Echoing many arguments in AARP’s “friend of the court” brief, Kentucky’s highest court ruled against an Internet provider seeking to limit customers’ right to seek redress.
Arbitration is an out-of-court dispute resolution mechanism that increasingly appears in a range of contracts, including consumer products and services, employment, health care, and nursing home admissions. Originally designed to resolve disputes between businesses with comparable bargaining power, companies with greater sophistication and control over the contract process are imposing these clauses on consumers. Arbitration generally is much more expensive for consumers than is a court proceeding, and it severely limits the rights and protections they would have in court.
In 2006, Insight Communications was the only provider of broadband service in Louisville, Ky. In April 2006, Insight customers began to experience service disruptions that lasted in some cases weeks. Customers claimed that when they called the company they often could not get through or were given seriously misleading information. The customers filed a class action lawsuit alleging breach of contract and violation of Kentucky’s Consumer Protection Act. Insight invoked the arbitration clause in its contract and noted that the clause prohibited class actions.
AARP Foundation Litigation attorneys filed AARP’s “friend of the court” briefs as this case worked its way up through the courts. The briefs discussed the many federal and state courts that have refused to enforce class action bans in arbitration clauses because they deprive consumers of any way to recover their losses and, in effect, allow corporations to continue their unlawful practices without any fear of liability.

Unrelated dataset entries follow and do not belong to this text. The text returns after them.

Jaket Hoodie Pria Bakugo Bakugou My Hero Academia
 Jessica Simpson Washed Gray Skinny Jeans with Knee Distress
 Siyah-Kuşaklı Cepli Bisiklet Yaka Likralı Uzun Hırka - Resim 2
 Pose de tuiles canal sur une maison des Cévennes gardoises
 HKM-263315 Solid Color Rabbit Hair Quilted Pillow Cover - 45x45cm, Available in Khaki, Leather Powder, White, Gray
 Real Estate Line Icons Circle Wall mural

The Kentucky Supreme Court agreed. Echoing arguments in AARP’s briefs, the court ruled that in this case, the ban against class actions was unenforceable because it is “comprehensive and absolute, prohibiting the joining of lawsuits in all situations and in all forums.” Over one dissent, the court declined to go as far as plaintiffs and AARP had asked, and did not strike down the entire arbitration clause (the dissent would have struck down the entire arbitration clause). The court also stopped short of ruling that all class action bans in arbitration clauses are unenforceable based on pro-arbitration language in the Kentucky Constitution and statutes. Nonetheless, the thoughtful description of the dangers of class action bans will be helpful to other courts considering these types of cases, in Kentucky and out.
What’s at Stake
Arbitration clauses generally prevent consumers from having their day in court, but class action bans in these clauses are even more pernicious. Numerous courts around the country, including the U.S. Supreme Court, have recognized that class actions are an efficient way to address widespread wrongs. Class actions are particularly important for consumers, whose individual claims are relatively small but whose losses, in the aggregate, are quite large. Unless consumers can proceed on a classwide basis, it will often be financially impossible for them to seek relief at all, and a company will be able to evade liability and keep money obtained due to those practices, merely because it harmed many people for small amounts instead of only a few people for large amounts.
Schnuerle v. Insight Communications Co. was decided by the Kentucky Supreme Court.